Far from the cinema industry itself, there exists another form of training known as “cinema studies.” This concerns itself with producing researchers or critics or film-makers informed as to the theory of cinema, its esthetics and analysis, and capable of linking these more profoundly with other human and social sciences. Studies of this kind are virtually absent from Egyptian teaching institutions, perhaps because they involve the interaction of more than one branch of knowledge, a logic that is at odds with the prevailing unitary teaching logic.
Dr. Salma Mubarak, professor of comparative literature at the University of Cairo and founder of the Amoun Network for Researchers in Literature and Cinema, says, “The basic obstacle to cinema studies in the different Egyptian faculties is that the idea itself has yet to be absorbed by the academic community. The majority of academics believe that ‘cinema studies’ are essentially professional and vocational and should not be elevated to the rank of academic studies. Things have begun to improve a little recently, however. The Faculty of Humanities at Cairo University formerly refused to promote me to assistant professor because the topic of my doctorate was ‘literature and cinema.’ It now offers two diplomas related to cinema studies—one in cultural development and another in cultural studies. Recently also, there has been a change in the by-laws of humanities faculties throughout the country, adding two subjects—’cinema’ and ‘fine arts’—to the optional technical subjects that may be taught. I regard this as a major qualitative shift in the trajectory of cinema studies teaching in Egypt.”
Dr. Iman Ezzeldin, member of the Drama and Theater Criticism department of the Faculty of Humanities at the University of Ain Shams—the only department in all the Egyptian state universities that teaches film criticism as a basic subject—attributes the absence of cinema studies from Egyptian teaching institutions to the small number of cadres capable of teaching that discipline.
On the other hand, if Egyptian national universities fail to take an interest in this branch of academia, either out of intellectual rigidity or because of the lack of cadres, it is all the more surprising that the international universities in Egypt, which are supposedly extensions of those Western universities that have made such strides in raising the appreciation of cinema studies, pay little attention to this field either. With the exception of the American University in Cairo, which engages with cinema studies to a unique degree and with the aim of producing outstanding film scholars and critics, both private and international universities in Egypt ignore this discipline as completely as do the state universities.

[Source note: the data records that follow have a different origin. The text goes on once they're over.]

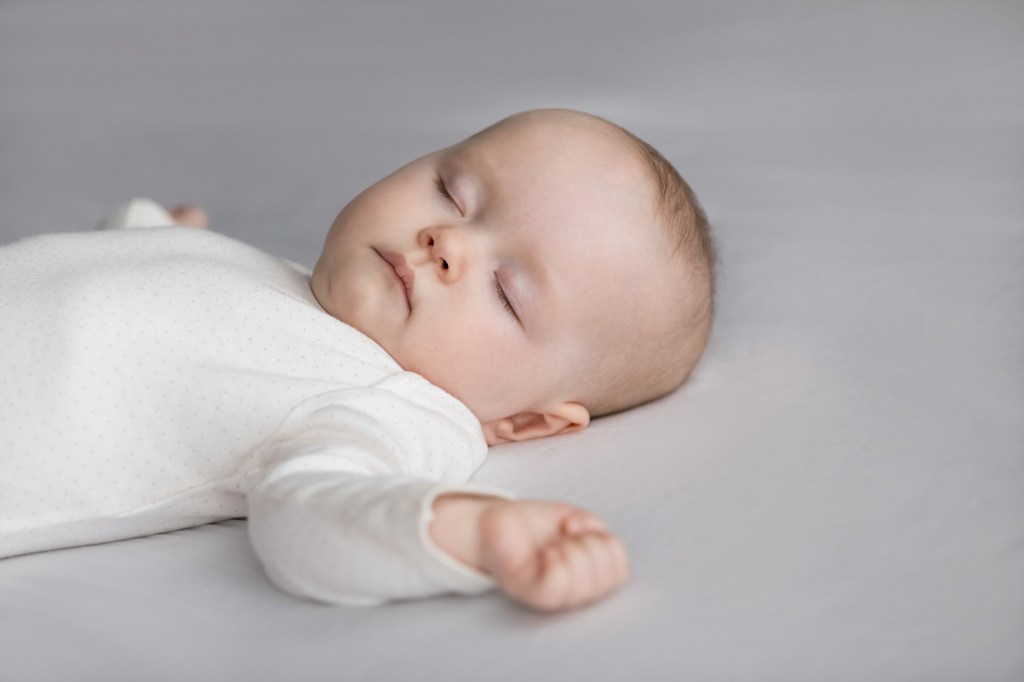 infant exhibiting Safer infant sleep posture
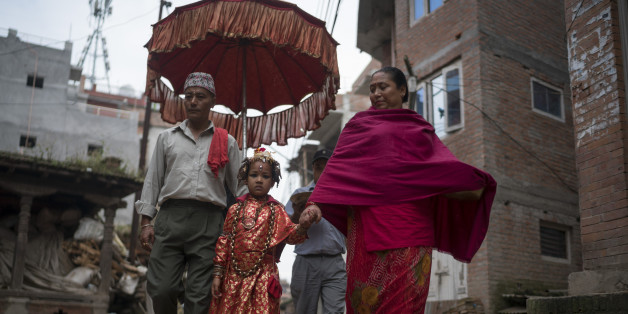 BHAKTAPUR, NEPAL - OCTOBER 07: The Kumari priest and his wife escort Jibika Bajracharya, the newly appointed child goddess Kumari, through the streets on October 7, 2016 in Bhaktapur, Nepal. The Bhaktapur Kumari is a living child goddess and is an ancient tradition in Kathmandu Valley as devotees worship the newly appointed child goddess in order to receive blessings from ancestors or deities. As the new Kumari of Bhaktapur, Jibika Bajracharya performs her role in public during the 15-day long D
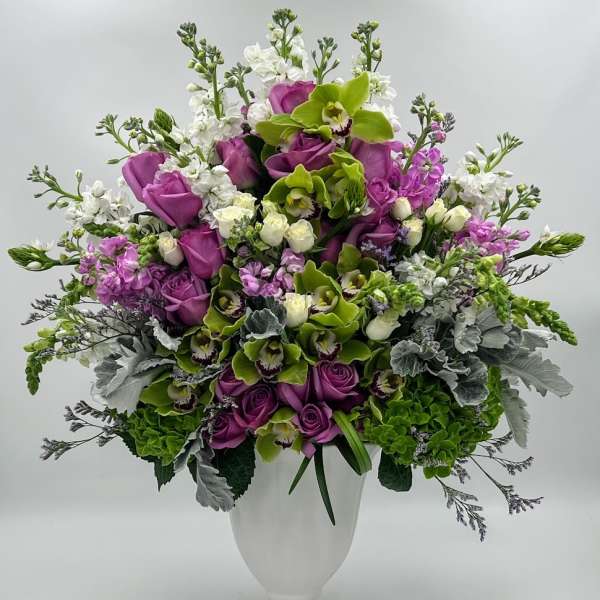 Purple roses and green orchids in a white vase
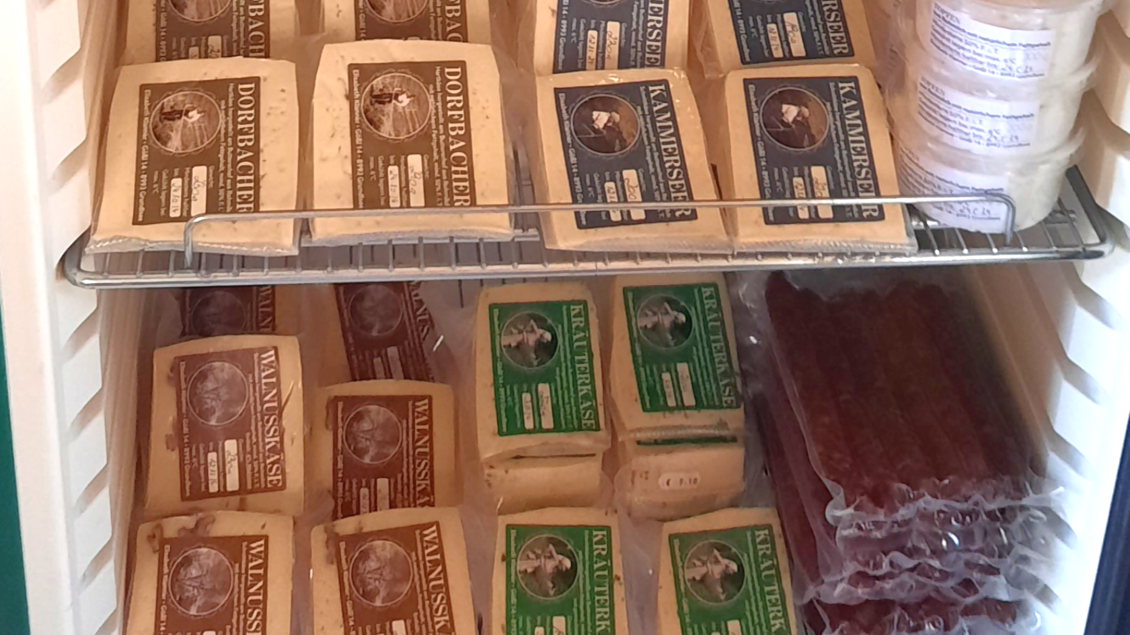 Eine Kühlschrankansicht mit verschiedenen Käsesorten in Verpackungen. Es sind sowohl helle als auch dunkle Käsesorten sowie einige Wurstwaren zu sehen. | © Butterer Hofladen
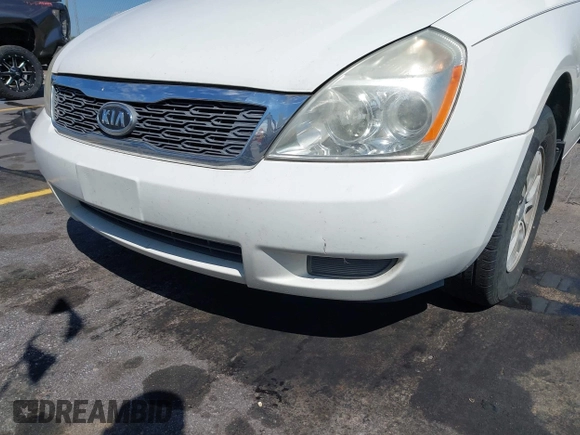2012 Kia Sedona LX with VIN KNDMG4C71C6447550, listed as a IAAI auction lot 42190357 with 161,960 mi miles. Bid and sale history available at carsss.com. Image 6.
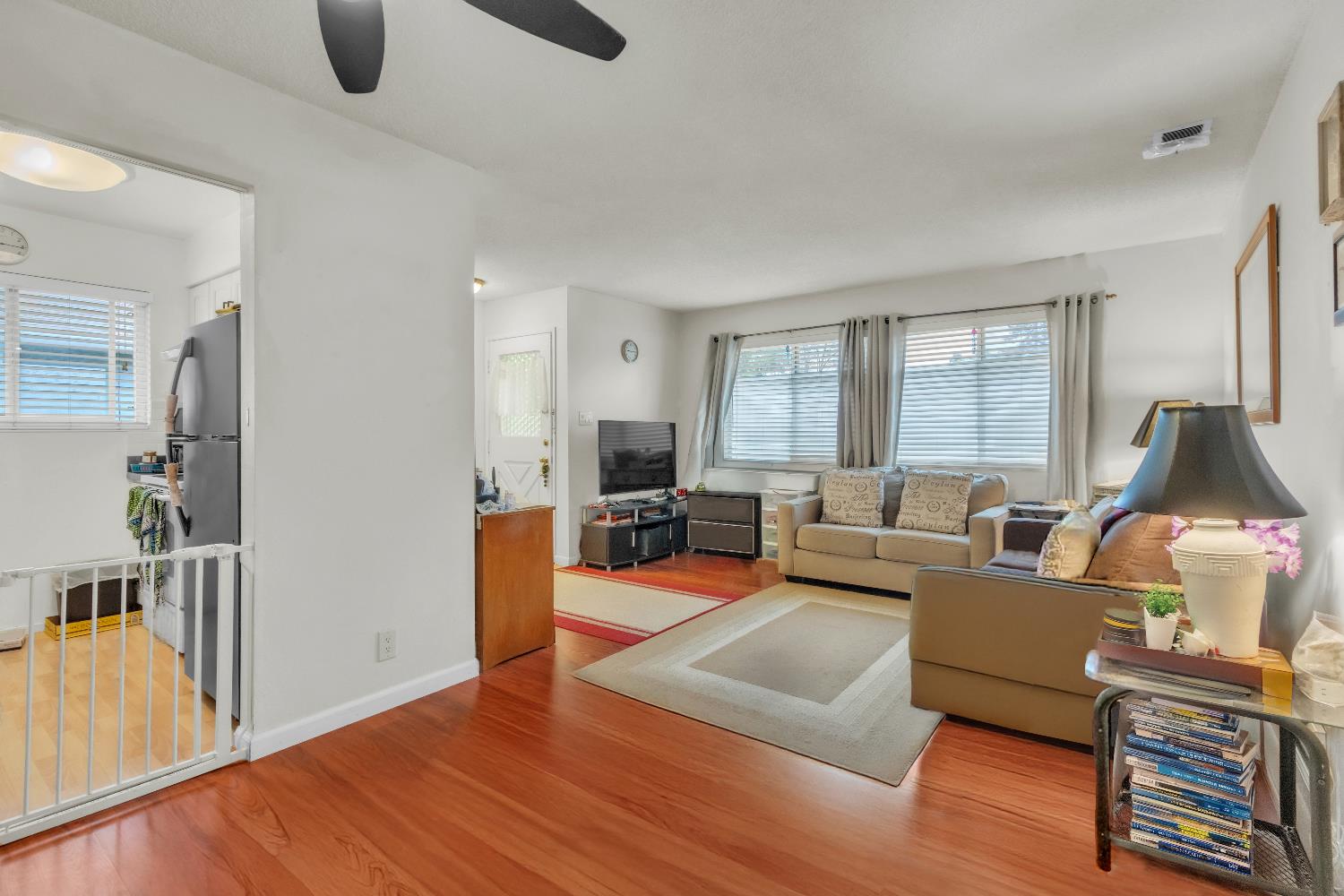 1369 Del Rio Circle, Unit D Concord, CA 94518 - Photo 10 of 21 a living room with furniture and a wooden floor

Recently, some officials have taken note of the importance of the cinematic “production market,” and a protocol has been signed between the ministries of education and of culture to create the first technical school specializing in film-making and the arts in Egypt under the plan for “applied technology schools.” These will offer in-demand technical specializations linked to the arts and cinema, such as cameras, cinematographic techniques, animation, lighting, music, special effects, costume, and so on. It is to be hoped that others will follow and thus fill the astonishing gap in the market for cinematic, televisual, and digital technical production in Egypt and the Middle East.